Third-party patches are welcome and help keep Geppetto great. We want to keep it as easy as possible to contribute changes that get things working in your environment. There are a few guidelines that we need contributors to follow so that we can keep on top of things.

Getting Started

To contribute your changes back to the Geppetto project, you need to:

  • Make sure you have a GitHub account
  • Submit a ticket for your issue, assuming one does not already exist.
    • Clearly describe the issue including steps to reproduce when it is a bug.
    • Make sure you fill in the earliest version that you know has the issue.
  • Fork the repository on GitHub

Making Changes

  • Add your fork as a remote git repository in Eclipse
  • Create a topic branch from where you want to base your work.
    • This is usually the master branch.
    • Only target release branches if you are certain your fix must be on that branch.
    • To quickly create a topic branch based on master; git branch fix/master/my_contribution master then checkout the new branch with git checkout fix/master/my_contribution. Please avoid working directly on the master branch.
  • Make commits of logical units.
  • Check for unnecessary whitespace with git diff --check before committing.
  • Make sure your commit messages are in the proper format.
    (#99999) Make the example in CONTRIBUTING imperative and concrete

    Without this patch applied the example commit message in the CONTRIBUTING
    document is not a concrete example.  This is a problem because the
    contributor is left to imagine what the commit message should look like
    based on a description rather than an example.  This patch fixes the
    problem by making the example concrete and imperative.

    The first line is a real life imperative statement.  The body describes the
    behavior without the patch, why this is a problem, and how the patch fixes 
    the problem when applied.
  • Make sure you have added the necessary tests for your changes.
  • Run all the tests to assure nothing else was accidentally broken.

Making Trivial Changes

Documentation

For changes of a trivial nature to comments and documentation, it is appropriate to start the first line of a commit with '(doc)'.

    (doc) Add documentation commit example to CONTRIBUTING

    There is no example for contributing a documentation commit
    to the Puppet repository.

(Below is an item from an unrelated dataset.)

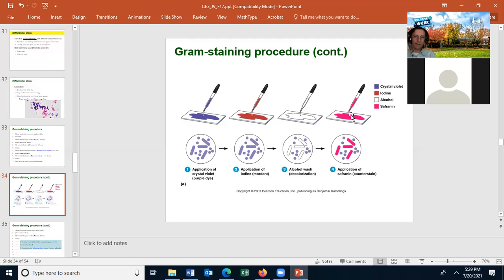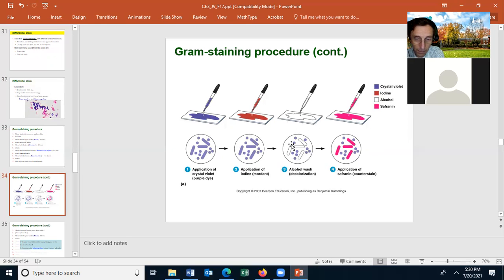You then counter-stain with safranin — it's called the counter stain because it's applied after the primary stain, crystal violet. Safranin will stain the clear gram-negative cells pink. So when we look under the microscope, both the purple gram-positive cells and the pink gram-negative cells will be colored and visible against the background of the slide. If we viewed the slide after the decolorizing step alone, the gram-negative cells would be difficult to see because they're uncolored and have about the same contrast as the background.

This is a problem because the contributor
    is left to assume how a commit of this nature may appear.

    The first line is a real life imperative statement with '(doc)' in
    place of what would have been the ticket number in a 
    non-documentation related commit. The body describes the nature of
    the new documentation or comments added.

Submitting Changes

  • Sign the Contributor License Agreement.
  • Push your changes to a topic branch in your fork of the repository.
  • Submit a pull request to the repository in the puppetlabs organization.